Apenas homens entram é a política do Arsenal. A justificativa, segundo Bernardi, é a falta de recursos suficientes para abrigar mulheres e crianças. Segundo censo da Fundação do Instituto de Pesquisas Econômicas (Fipe) de 2015, 82% da população em situação de rua em São Paulo é composta por homens. As mulheres são encaminhadas para outros abrigos, como o Centro de Acolhida Casa Verde ou Casa de Apoio Maria Maria, no Canindé. Não há casas destinadas a elas nas zonas oeste e sul da cidade. Já as crianças são direcionadas pelo serviço social do Arsenal ao Conselho Tutelar de São Paulo. Famílias que moravam em situações de rua têm que ser separadas para receber auxílio. Rogério Ferreira da Silva e Patrícia Santos da Silva moram na rua por não encontrarem albergues que recebam casais sem filhos na cidade. “A gente é casal e não vai se separar”, defendem-se.

Outra reclamação constante por parte dos moradores de rua frequentadores de albergues e CTAs é a da falta de sensibilidade dos locais em relação ao tratamento de saúde oferecido.

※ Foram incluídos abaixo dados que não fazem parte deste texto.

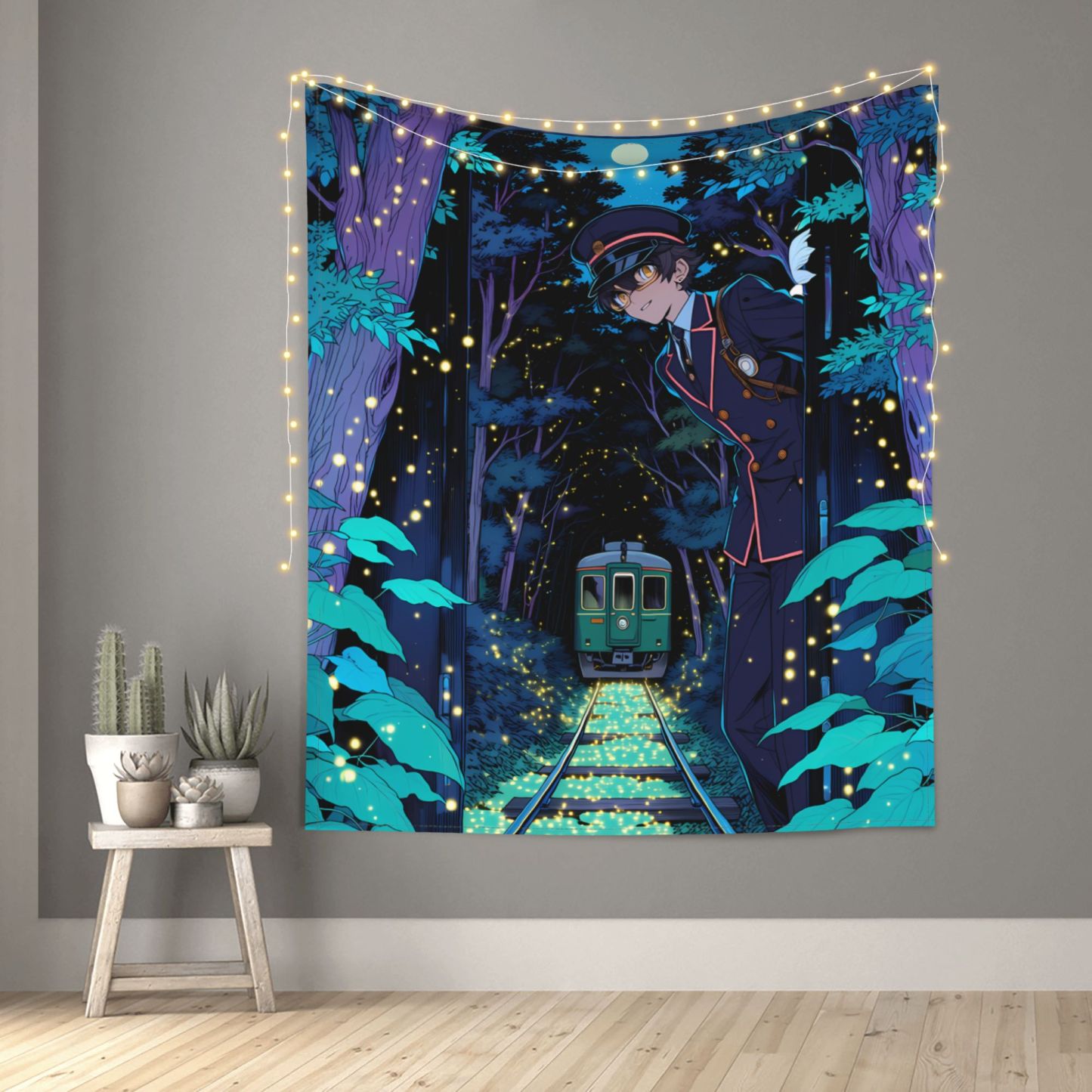 The Last Firefly Train art tapestry in a room — 50 × 60 in, view 1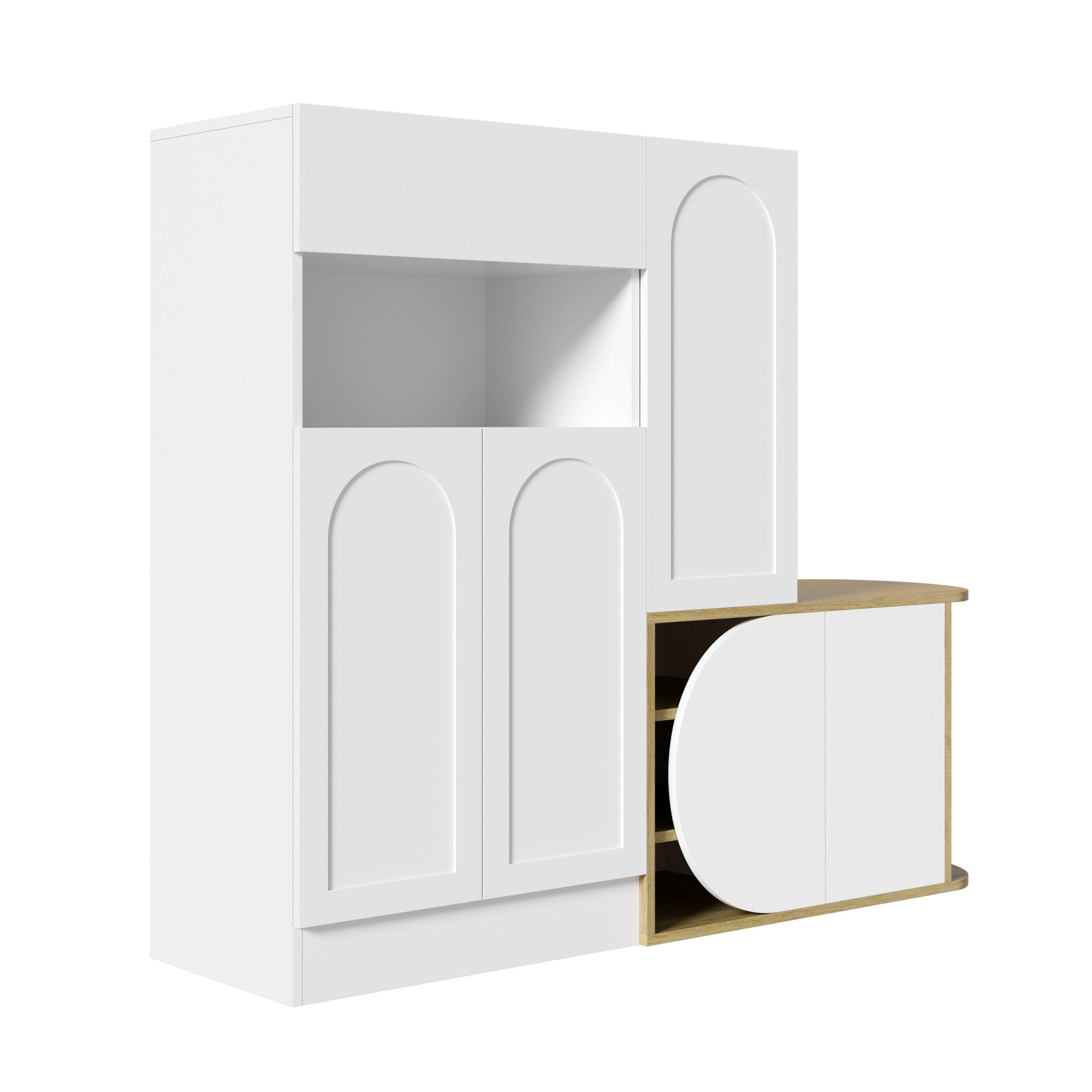 SCHUHSCHRANK DE-37953 mit Sitzbank und 5 Türen Weiß - Weiß, Holzwerkstoff (130/110.5/35cm) - ComfortXL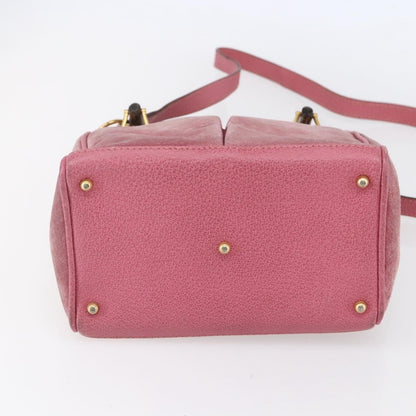 Gucci Vintage Bamboo Handle Bag Suede, PINK, SUEDE, Handbag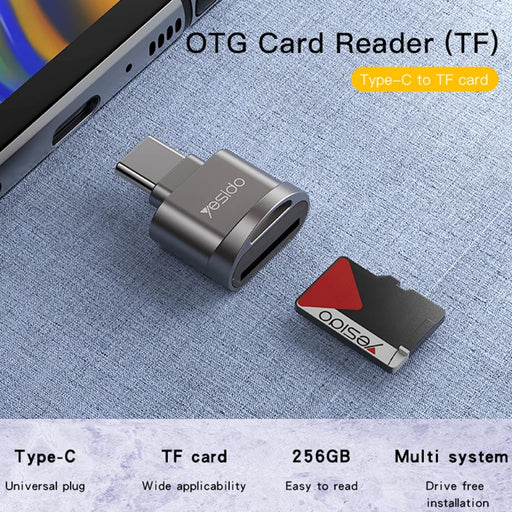 YESIDO GS19 Type-C Plug TF Memory Card Reader Android Phone Data Transfer OTG Adapter - 2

Um morador que não quis se identificar por medo de represálias afirma que teve uma crise de herpes zóster enquanto estava abrigado no extinto Centro de Acolhimento Emergencial do Brás no inverno de 2018. “Eu gritava de dor e ninguém vinha me ajudar”, relembra.

Os relatos desses moradores de rua de São Paulo evidenciam que as políticas públicas oferecidas pela Prefeitura estão longe de serem eficazes e humanitárias. “O sistema, que já era sucateado, ficou mais ainda. Eles criaram os CTAs mais por uma questão de tirar o cara da rua do que de tratá-lo dignamente. A gente depende de centros de doações como este aqui [Paróquia São Miguel Arcanjo] para termos condições básicas de higiene e alimentação”, desabafa Elias da Silva. A paróquia que Silva comenta fica entre o Arsenal e o Mooca I e recolhe doações de comida, roupa e itens de higiene pessoal, depois destinadas diretamente aos moradores de rua, que vão em busca de bolo, leite, chocolate, sapato, camiseta, meia, escova, pasta de dentes e sabonete. A lista não acaba.

A sensação que fica ao final é que há uma forte semelhança entre o sistema carcerário brasileiro e a logística estrutural dos albergues em São Paulo. Essa comparação pode ser feita por causa do regime disciplinar que os moradores de rua enfrentam quando precisam se utilizar dessas casas de acolhimento. Do mesmo modo, o projeto arquitetônico desses locais remete à disciplina impessoal dos quartéis militares, em que cada indivíduo deve cuidar do seu próprio nariz. Um cenário distante da utopia descrita pela Prefeitura em seus sites e comunicados oficiais.